Judge tosses out part of suit against Pat Robertson
NORFOLK, Va. (AP) — A federal judge Tuesday threw out part of a lawsuit accusing Pat Robertson of defaming two former Regent University professors in a letter.
U.S. district court Judge Raymond A. Jackson agreed with Robertson’s attorneys that the letter did not amount to “fighting words” that tend to breach the peace and are actionable under state law.
The letter, which criticized a group of law professors, did not mention the plaintiffs by name and they apparently learned about it secondhand, Jackson wrote.
But Jackson said it was too early to decide a second issue in the case: whether the letter, as defense attorneys contend, is constitutionally protected as free speech because it is opinion. Evidence must be presented, he said.
No trial date for the lawsuit has been set.

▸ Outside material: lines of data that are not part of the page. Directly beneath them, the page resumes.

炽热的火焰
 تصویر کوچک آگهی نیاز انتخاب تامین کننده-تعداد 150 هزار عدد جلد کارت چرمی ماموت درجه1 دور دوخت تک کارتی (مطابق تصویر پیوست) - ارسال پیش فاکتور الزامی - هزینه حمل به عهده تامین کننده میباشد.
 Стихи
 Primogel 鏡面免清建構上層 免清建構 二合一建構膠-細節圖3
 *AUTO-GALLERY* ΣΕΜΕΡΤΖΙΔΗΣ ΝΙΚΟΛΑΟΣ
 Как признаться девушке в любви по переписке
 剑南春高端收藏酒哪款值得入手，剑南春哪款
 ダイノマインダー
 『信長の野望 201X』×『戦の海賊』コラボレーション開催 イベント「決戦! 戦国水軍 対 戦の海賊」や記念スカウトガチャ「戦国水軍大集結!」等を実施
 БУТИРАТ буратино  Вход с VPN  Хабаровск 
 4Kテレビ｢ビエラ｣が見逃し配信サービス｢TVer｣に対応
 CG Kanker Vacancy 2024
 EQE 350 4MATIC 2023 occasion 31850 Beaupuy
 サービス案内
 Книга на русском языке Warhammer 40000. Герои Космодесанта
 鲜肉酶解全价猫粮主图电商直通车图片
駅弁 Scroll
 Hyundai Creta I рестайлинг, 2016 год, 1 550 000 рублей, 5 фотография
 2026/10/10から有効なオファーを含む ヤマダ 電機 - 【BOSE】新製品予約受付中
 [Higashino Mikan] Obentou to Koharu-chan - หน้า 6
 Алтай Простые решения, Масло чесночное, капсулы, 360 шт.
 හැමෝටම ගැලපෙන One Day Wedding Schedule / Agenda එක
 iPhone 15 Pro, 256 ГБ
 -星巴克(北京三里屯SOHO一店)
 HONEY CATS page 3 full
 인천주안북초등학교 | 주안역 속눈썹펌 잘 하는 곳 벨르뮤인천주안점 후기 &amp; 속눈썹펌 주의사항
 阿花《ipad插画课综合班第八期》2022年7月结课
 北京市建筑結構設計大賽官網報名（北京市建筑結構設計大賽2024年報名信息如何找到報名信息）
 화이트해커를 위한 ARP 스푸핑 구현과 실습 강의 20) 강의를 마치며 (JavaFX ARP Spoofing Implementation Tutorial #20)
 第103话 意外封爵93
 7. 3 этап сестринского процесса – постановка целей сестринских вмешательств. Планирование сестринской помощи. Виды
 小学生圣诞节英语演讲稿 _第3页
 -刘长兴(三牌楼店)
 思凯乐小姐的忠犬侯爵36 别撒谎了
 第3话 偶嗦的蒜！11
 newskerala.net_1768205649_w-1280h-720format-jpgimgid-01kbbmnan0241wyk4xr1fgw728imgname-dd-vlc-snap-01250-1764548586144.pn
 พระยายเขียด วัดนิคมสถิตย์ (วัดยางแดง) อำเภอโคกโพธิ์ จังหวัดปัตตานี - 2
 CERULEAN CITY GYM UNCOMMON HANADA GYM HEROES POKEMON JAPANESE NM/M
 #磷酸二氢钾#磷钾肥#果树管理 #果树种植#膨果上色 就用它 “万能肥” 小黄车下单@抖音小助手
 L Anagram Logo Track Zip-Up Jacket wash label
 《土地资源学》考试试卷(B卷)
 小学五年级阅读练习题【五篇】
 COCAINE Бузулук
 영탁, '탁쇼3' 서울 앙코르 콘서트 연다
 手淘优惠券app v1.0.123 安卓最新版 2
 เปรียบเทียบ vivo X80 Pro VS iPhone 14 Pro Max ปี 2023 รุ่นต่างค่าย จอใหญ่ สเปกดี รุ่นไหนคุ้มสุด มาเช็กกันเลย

The letter was written in 1994 after nine professors complained to the American Bar Association when Robertson forced the law school’s dean to resign. At the time, the law school was seeking ABA accreditation.
In the letter, Robertson, Regent’s founder and chancellor, accused the professors of trying to cripple or shut down the law school. The letter compared the professors to suicide cult leader Jim Jones and called them “not capable teachers of law” and “inept as lawyers.”
Professors Robert Bern and Jeffrey Tuomala sued, each seeking $10 million.